Jason: There’s a couple of stories in there that form, hopefully, a little bit of a backbone of the book about this pet and getting through COVID and what it meant for my relationship with my mother. It really was this way to talk about childhood and parenting and the relationships. One thing that was a very interesting experience about doing this book was that originally, the idea was, effectively, writing a humor book about COVID, probably the most unfunny thing that’s happened in our lifetimes and a very severe thing that caused an enormous amount of heartbreak and death and destruction. Yet we did learn a lot about our interior lives and our communities and what were important to us. People sort of have rebuilt their value systems and priorities in the wake of this. I just felt that since we all went through it, there’s some fertile ground there to go at. My experience is my experience. I certainly wouldn’t claim that it’s universal, but I think there are some universal aspects of this experience in terms of our relationships with our children, parents, families, friends, communities, neighborhoods, and so on. I think that a great shift has occurred. In any kind of social, cultural revolution, there’s always some humor to be found. That’s what I was trying to get at. I made this sound way too highbrow. I’m just trying to make you laugh in a traffic jam.

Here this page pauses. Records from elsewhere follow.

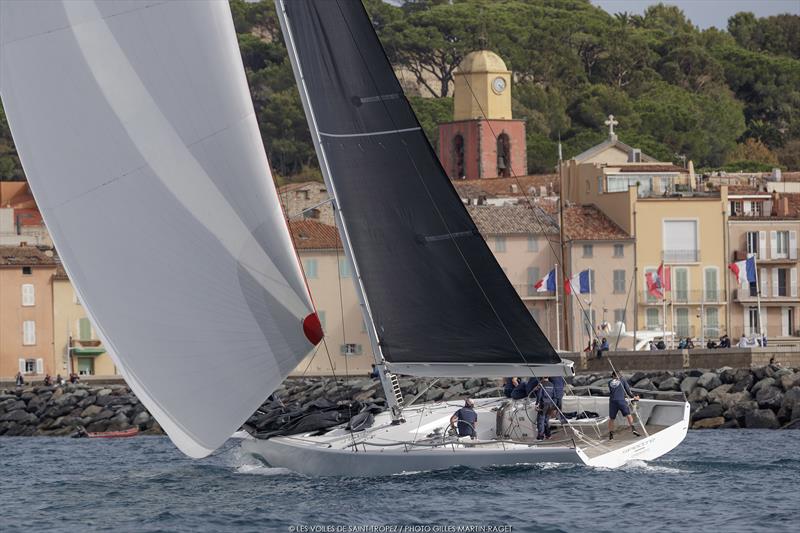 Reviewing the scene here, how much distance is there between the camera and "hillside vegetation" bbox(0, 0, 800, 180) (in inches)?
3770

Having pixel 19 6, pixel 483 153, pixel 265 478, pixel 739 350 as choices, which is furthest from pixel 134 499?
pixel 483 153

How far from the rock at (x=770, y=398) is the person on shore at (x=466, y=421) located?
551 inches

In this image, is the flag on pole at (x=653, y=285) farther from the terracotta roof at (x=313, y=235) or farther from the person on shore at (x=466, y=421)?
the person on shore at (x=466, y=421)

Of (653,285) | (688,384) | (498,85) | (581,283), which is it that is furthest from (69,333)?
(498,85)

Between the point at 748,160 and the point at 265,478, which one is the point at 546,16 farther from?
the point at 265,478

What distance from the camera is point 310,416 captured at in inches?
907

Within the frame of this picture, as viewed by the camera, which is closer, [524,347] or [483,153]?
[524,347]

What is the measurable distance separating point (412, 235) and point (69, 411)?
23.1 meters

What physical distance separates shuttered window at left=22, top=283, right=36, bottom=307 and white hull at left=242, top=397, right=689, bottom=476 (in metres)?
33.0

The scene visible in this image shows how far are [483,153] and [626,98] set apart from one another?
21.0 metres

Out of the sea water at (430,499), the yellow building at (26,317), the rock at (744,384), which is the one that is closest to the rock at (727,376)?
the rock at (744,384)

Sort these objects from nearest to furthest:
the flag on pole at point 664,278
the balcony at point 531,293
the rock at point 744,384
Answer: the rock at point 744,384, the flag on pole at point 664,278, the balcony at point 531,293

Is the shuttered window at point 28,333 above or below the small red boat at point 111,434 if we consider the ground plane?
above

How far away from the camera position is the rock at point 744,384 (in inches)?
1437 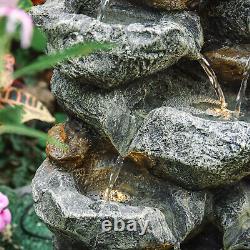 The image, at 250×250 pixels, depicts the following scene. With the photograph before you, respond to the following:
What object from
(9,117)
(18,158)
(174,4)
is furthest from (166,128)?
(18,158)

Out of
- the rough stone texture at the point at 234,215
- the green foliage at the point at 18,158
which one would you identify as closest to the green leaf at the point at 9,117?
the rough stone texture at the point at 234,215

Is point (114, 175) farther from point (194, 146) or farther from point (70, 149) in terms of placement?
point (194, 146)

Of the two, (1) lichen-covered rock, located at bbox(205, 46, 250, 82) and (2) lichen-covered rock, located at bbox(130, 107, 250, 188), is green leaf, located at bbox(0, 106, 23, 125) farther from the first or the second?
(1) lichen-covered rock, located at bbox(205, 46, 250, 82)

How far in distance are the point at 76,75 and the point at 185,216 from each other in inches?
17.1

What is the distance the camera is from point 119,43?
1261mm

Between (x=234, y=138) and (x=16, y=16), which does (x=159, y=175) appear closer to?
(x=234, y=138)

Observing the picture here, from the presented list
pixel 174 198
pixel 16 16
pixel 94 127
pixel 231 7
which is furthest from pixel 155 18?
pixel 16 16

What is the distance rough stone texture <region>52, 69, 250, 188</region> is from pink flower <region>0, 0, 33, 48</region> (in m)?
0.78

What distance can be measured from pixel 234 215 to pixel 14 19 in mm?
1053

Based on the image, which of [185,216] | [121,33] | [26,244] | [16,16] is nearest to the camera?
[16,16]

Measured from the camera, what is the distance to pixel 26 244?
2.08m

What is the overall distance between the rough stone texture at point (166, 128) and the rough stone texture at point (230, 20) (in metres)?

Kyle: You definitely made us laugh in a traffic jam. It wasn’t the first time. All your books, they find their way into our lives in the sense that she’s reading them to me while we’re driving. It is really memorable.

Jason: I appreciate that.

Zibby: No more praise.

Jason: I’m trying to write books that you can pick up at any point. They’re individual stories and essays. I like reading books out of sequence. Even books that are supposed to be read in sequence, I read out of sequence. I don’t know what that means. I feel strongly that there is a place for humor in our very severe times. In some ways, I’m trying to do kind of a throwback thing, which is to an era when, whether it was people like Erma Bombeck or Dave Barry or Lewis Grizzard or Molly Ivins or, later, Nora Ephron — they were contemporary humorists who found joy and humor in almost anything. In my little, humble way, trying to steal a little bit of that.

Zibby: I love that. Seinfeld too. It’s the humor in the everyday moments.

Jason: Of course. What’s the deal with…? Exactly. The founding principle of every joke is, what’s the deal with X?

Zibby: You also had this funny section about reading. Can I just read these two paragraphs too? The context of this one is the fact that we have no attention spans for anything in life at all. Then you say, “Why bother focusing if no one’s demanding it? It’s only a matter of time before Broadway shows turn on the lights at the final curtain. Why waste three minutes clapping? Musicians will be asked to stop guitar noodling and get straight to the chorus, the song parts we like most. One day, there will be a fast-forward option for me to press when Jesse or Jojo starts talking about the day at school. I don’t care what happened in math. Just get to the dead pigeon you found at recess. Think of ‘skip intro’ deployed at Thanksgiving dinner. Your Uncle Phil’s Canadian camping adventure doesn’t stand a chance. We are slicing away the tedium, but at what cost? How long are people going to read books? Do people still read books? Asking someone to read a book these days feels like asking them to join you on a sail from Maine to Portugal. A whole book? Publishers deploy edgy moves to grab readers, the most recent of which is putting curse words in titles as a way of shocking a consumer into attention and purchase. Look at any best-seller list, and six of the top ten books will contain an unnecessary expletive and an exclamation point. To be sure, there was brief talk about naming this book Hey, Asshole!, but come on, I can’t publish a book with that kind of crude title, at least not while my father-in-law can still beat me in a fight.” So funny. It’s humor, but of course, there’s truth in every joke, as Kyle often points out when I make mean jokes. What do you make of this whole attention phenomenon? By the way, I have watched every intro. Every time it says “skip intro,” I’m like, I’m watching the intro now. I’m watching the intro.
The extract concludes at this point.